A Different Way To Plan For Next Year

Inner Radio Executive Coaching Newsletter

The Problem

You can hit your goals and still feel unsatisfied. You can have a “great year” on paper and wonder why it doesn’t feel good—why getting what you thought you wanted leaves you tired, flat, or disappointed.

What I’ve noticed, in my own life and in coaching sharp, capable leaders, is that this time of year we focus almost entirely on what to do next. We spend far less time paying attention to how we feel while we’re doing it.

The Discovery

This year, I worked with a voice coach and a therapist to help me make sense of motherhood.
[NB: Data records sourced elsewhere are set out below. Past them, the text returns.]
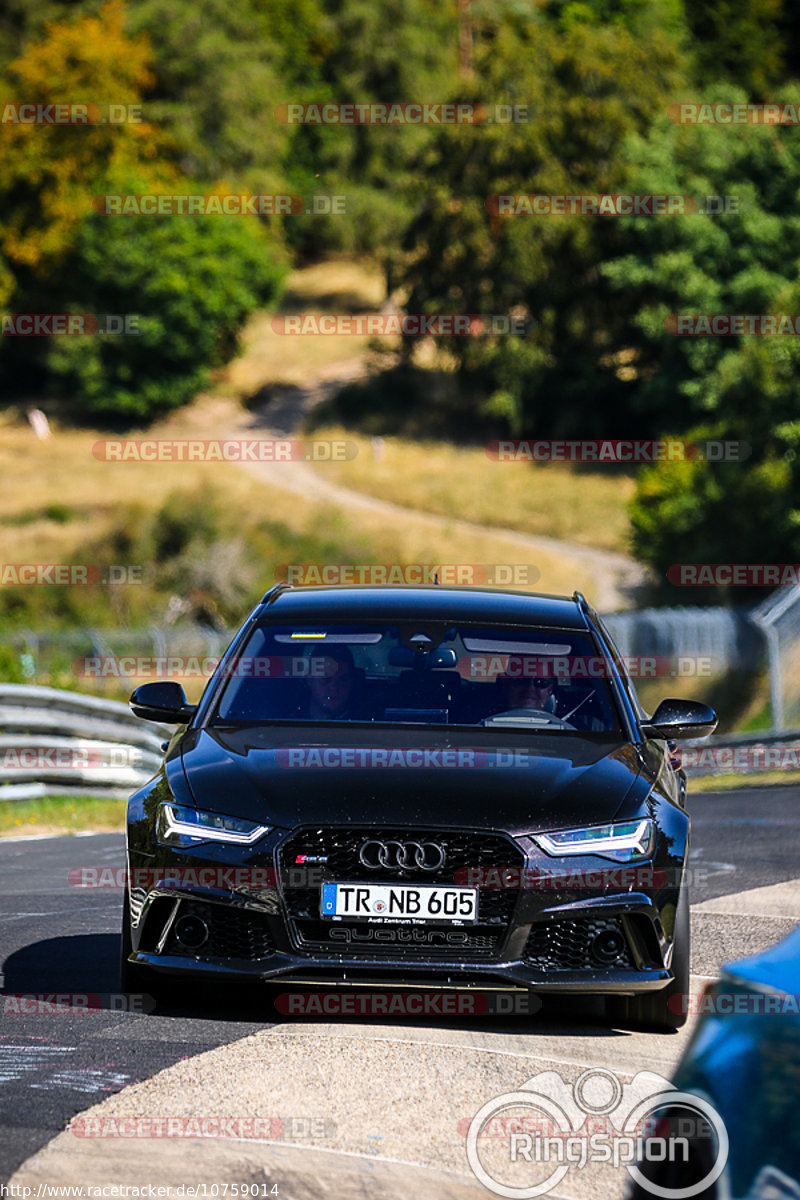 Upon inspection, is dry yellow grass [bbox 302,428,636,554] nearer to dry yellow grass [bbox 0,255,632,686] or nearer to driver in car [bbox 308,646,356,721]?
dry yellow grass [bbox 0,255,632,686]

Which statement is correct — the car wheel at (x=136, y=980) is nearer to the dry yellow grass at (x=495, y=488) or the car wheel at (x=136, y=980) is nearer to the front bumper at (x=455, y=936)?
the front bumper at (x=455, y=936)

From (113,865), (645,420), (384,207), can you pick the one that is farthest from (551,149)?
(113,865)

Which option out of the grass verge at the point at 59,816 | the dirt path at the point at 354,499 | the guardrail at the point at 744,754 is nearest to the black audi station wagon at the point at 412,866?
the grass verge at the point at 59,816

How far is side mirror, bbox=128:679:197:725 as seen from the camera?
6.79 metres

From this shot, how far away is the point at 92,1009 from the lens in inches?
239

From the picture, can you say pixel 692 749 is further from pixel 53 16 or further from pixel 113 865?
pixel 53 16

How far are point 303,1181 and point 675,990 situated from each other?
85.8 inches

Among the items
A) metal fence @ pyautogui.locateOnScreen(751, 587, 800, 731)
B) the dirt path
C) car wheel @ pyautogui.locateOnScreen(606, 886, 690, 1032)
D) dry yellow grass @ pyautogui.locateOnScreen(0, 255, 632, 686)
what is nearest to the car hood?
car wheel @ pyautogui.locateOnScreen(606, 886, 690, 1032)

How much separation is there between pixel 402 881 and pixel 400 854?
0.09 m

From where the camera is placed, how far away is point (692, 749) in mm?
22891

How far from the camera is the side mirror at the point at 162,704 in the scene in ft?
22.3

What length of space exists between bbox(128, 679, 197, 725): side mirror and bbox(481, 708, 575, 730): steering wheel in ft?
4.01

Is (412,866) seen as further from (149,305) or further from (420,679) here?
(149,305)

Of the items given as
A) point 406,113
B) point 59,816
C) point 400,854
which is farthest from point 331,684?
point 406,113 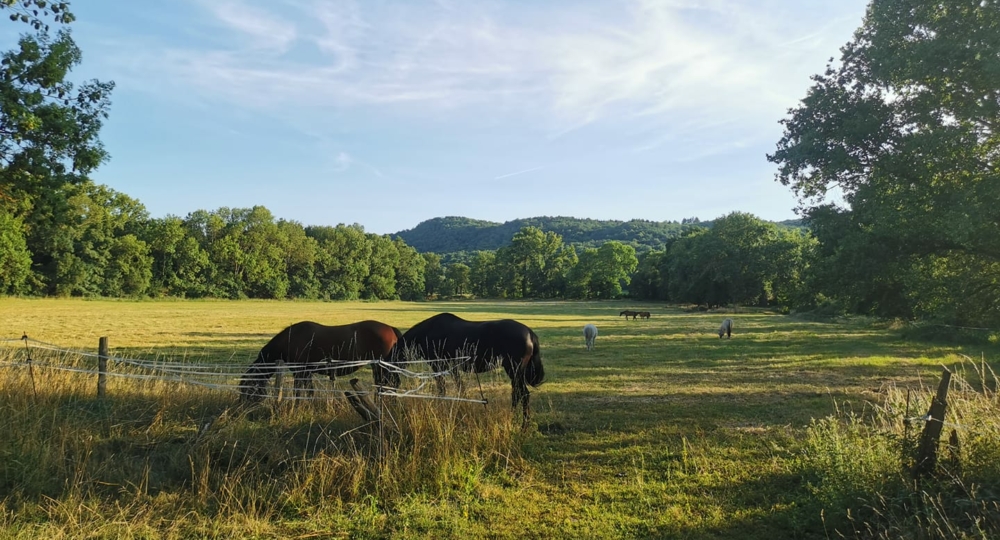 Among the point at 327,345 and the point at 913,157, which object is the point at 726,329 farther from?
the point at 327,345

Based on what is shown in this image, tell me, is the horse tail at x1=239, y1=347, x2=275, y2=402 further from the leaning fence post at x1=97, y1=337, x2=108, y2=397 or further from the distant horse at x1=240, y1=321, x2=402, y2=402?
the leaning fence post at x1=97, y1=337, x2=108, y2=397

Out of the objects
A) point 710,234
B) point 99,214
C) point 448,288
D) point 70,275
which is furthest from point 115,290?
point 710,234

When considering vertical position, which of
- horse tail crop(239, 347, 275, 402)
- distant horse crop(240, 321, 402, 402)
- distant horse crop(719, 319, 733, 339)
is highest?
distant horse crop(240, 321, 402, 402)

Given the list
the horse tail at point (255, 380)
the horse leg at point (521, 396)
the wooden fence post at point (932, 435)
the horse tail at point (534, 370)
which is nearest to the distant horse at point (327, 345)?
the horse tail at point (255, 380)

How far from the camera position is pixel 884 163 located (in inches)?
604

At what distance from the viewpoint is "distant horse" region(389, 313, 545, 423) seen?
7664mm

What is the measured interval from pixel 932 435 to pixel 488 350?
5276 mm

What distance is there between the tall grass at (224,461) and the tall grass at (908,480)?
10.2 ft

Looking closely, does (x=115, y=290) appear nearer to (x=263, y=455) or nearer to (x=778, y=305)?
(x=263, y=455)

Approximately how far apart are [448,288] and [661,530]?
10722 centimetres

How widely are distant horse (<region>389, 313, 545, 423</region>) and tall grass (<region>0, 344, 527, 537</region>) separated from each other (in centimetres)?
97

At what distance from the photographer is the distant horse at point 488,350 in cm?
766

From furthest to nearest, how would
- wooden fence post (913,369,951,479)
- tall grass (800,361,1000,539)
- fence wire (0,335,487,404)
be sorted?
fence wire (0,335,487,404) < wooden fence post (913,369,951,479) < tall grass (800,361,1000,539)

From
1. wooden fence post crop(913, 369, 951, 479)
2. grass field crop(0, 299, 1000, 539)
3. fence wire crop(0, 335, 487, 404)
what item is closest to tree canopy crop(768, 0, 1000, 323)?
grass field crop(0, 299, 1000, 539) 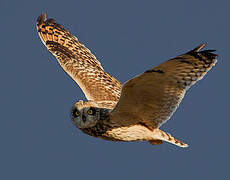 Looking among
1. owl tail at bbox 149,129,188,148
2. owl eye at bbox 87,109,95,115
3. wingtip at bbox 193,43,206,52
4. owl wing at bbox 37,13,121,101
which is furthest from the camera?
owl wing at bbox 37,13,121,101

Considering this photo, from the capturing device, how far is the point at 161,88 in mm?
4832

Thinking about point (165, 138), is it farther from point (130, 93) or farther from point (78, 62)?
point (78, 62)

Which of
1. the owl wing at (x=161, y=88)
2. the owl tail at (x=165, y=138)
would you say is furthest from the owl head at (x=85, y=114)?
the owl tail at (x=165, y=138)

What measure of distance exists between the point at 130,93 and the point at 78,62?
2.06m

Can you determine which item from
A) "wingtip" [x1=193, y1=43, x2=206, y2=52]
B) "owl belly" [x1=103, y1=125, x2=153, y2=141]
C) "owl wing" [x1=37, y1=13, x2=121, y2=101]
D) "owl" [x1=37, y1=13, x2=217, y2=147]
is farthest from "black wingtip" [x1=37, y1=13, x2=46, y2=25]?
"wingtip" [x1=193, y1=43, x2=206, y2=52]

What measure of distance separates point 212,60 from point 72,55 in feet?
9.05

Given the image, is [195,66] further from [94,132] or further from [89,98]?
[89,98]

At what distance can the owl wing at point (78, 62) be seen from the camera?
632 cm

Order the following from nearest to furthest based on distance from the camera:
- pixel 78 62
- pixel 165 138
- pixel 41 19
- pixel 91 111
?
pixel 91 111 → pixel 165 138 → pixel 78 62 → pixel 41 19

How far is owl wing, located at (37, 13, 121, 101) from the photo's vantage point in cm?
632

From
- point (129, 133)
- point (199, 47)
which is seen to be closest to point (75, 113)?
point (129, 133)

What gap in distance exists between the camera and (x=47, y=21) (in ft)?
24.7

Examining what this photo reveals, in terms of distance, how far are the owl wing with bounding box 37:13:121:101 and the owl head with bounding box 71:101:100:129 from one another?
27.7 inches

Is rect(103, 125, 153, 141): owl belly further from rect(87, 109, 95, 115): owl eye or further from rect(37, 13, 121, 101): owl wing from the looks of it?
rect(37, 13, 121, 101): owl wing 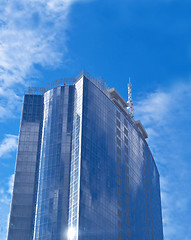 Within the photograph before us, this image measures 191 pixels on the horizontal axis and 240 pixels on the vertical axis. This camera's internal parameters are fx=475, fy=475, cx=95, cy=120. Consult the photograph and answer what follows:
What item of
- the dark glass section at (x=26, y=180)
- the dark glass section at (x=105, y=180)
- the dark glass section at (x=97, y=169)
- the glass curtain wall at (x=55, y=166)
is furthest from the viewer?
the dark glass section at (x=26, y=180)

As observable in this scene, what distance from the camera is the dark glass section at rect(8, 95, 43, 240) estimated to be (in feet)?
577

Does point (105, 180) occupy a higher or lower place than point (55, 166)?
lower

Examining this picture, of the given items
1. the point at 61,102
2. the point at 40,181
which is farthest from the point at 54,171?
the point at 61,102

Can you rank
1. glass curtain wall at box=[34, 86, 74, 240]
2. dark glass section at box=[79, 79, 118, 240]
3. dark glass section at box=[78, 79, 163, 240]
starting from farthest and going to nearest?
dark glass section at box=[78, 79, 163, 240] < glass curtain wall at box=[34, 86, 74, 240] < dark glass section at box=[79, 79, 118, 240]

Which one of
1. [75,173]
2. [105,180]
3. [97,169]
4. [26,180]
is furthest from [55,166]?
[105,180]

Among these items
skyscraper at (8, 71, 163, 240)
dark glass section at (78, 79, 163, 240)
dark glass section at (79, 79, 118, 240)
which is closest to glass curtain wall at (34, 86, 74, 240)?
skyscraper at (8, 71, 163, 240)

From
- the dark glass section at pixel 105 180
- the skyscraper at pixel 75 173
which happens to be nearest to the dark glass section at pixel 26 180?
the skyscraper at pixel 75 173

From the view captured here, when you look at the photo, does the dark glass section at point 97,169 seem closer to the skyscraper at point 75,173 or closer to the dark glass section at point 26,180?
the skyscraper at point 75,173

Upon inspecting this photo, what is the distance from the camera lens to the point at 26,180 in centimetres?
18475

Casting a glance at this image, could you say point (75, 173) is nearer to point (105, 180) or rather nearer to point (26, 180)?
point (105, 180)

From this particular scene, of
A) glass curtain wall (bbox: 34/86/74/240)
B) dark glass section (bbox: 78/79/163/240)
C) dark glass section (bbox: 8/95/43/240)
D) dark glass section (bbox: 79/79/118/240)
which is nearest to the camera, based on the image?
dark glass section (bbox: 79/79/118/240)

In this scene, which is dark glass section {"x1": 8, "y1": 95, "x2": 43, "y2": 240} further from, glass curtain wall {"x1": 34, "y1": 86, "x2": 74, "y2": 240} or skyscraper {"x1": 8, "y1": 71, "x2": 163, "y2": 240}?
glass curtain wall {"x1": 34, "y1": 86, "x2": 74, "y2": 240}

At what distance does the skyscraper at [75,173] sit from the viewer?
160625mm

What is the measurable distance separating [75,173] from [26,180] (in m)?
27.7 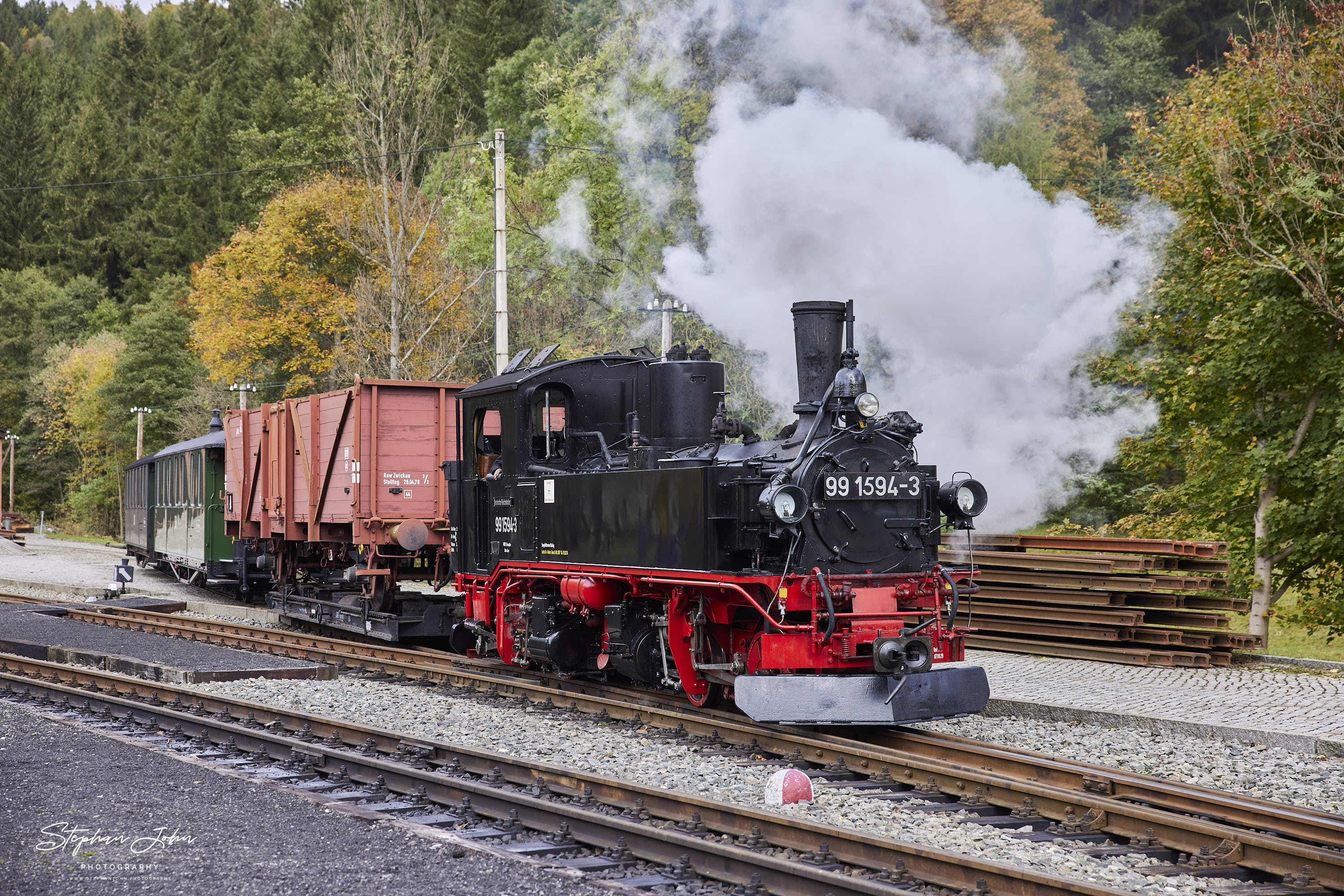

I can’t remember every insight or exercise we did together. But I remember how they were with me.

Empathetic. Steady. Curious. Even when the topic was hard, there was a feeling of possibility and creativity, like there were many ways we could work with what was in front of us.

People rarely remember our exact words. They remember our presence.

The same is true in conflict. I can replay moments where I don’t remember precisely what I said, but I remember the heat in my body and the sharpness in my voice. That emotional residue lingers far longer than the content.

If you’re a busy, ambitious person, your energy is a precious resource. So if you’re going to focus on a goal for next year, aim for the highest-leverage place—the part that people (including you) will remember: how you move through your days.

Instead of, “What do I want to accomplish?” ask:

How do I want to be while doing all this?

The Experiment

Step 1: Start with what you want to do

Write down everything you think you want to do next year.

The promotion.
The learning.
The health reset.
The creative projects.
The overdue life admin.

Get it all out. This is your Doing List.

Then put it aside. You’re not deleting it, you’re just not leading with it.

Step 2: Make a Being List

Now make a second list. Instead of actions, list traits, ways of being you want more access to.

Calm
Brave
Patient
Grounded
Curious
Playful
Decisive
Self-trusting
Spacious

Which trait feels most urgent? Which one, if you had more of it, would help the rest fall into place?

Circle that one. That’s your starting point.

Step 3: Ask what this trait makes possible

Now bring your Doing List back. Ask yourself:

  • If I showed up with more of this trait, what would change about how I approach these Doing-Goals?

  • What conversations would become easier?

  • What decisions would stop dragging on?

  • What would I stop forcing?

Traits expand what feels possible.

Step 4: Play with time

Look at this trait through a couple time horizons.

Zoom in — the next two weeks

  • How would this quality show up in your next meeting?

  • In how you start your mornings?

  • In the way you speak to yourself when something doesn’t go as planned?

Turns out you don’t have to wait for a new year to be more of who you want to be.

Zoom out — 2030

  • If I practiced this trait consistently (not perfectly) what could I build by 2030?

  • What patterns might it slowly interrupt?

  • What becomes possible when I’m no longer trying to force everything to happen right now?

We try to stuff everything into next year. It’s a lot to ask of twelve months. This longer view relieves the pressure to fix everything next year. It gives you room to dream bigger. 

We tend to overestimate what we can do in one year and underestimate what we can do in five.

The Takeaway

This month is an invitation to choose the traits that make your goals more likely and more sustainable. When I did this myself, the first trait that rose to the top was methodical. The next time, patience. The time after that, trust.

That’s how this work actually unfolds. One trait leads to the next in an ongoing conversation with yourself.

So as you head into 2026, keep your Doing-Goals. Just don’t stop there. Choose a way of being you want to practice. The real measure of a “great year” isn’t just what you accomplish. It’s who you become along the way.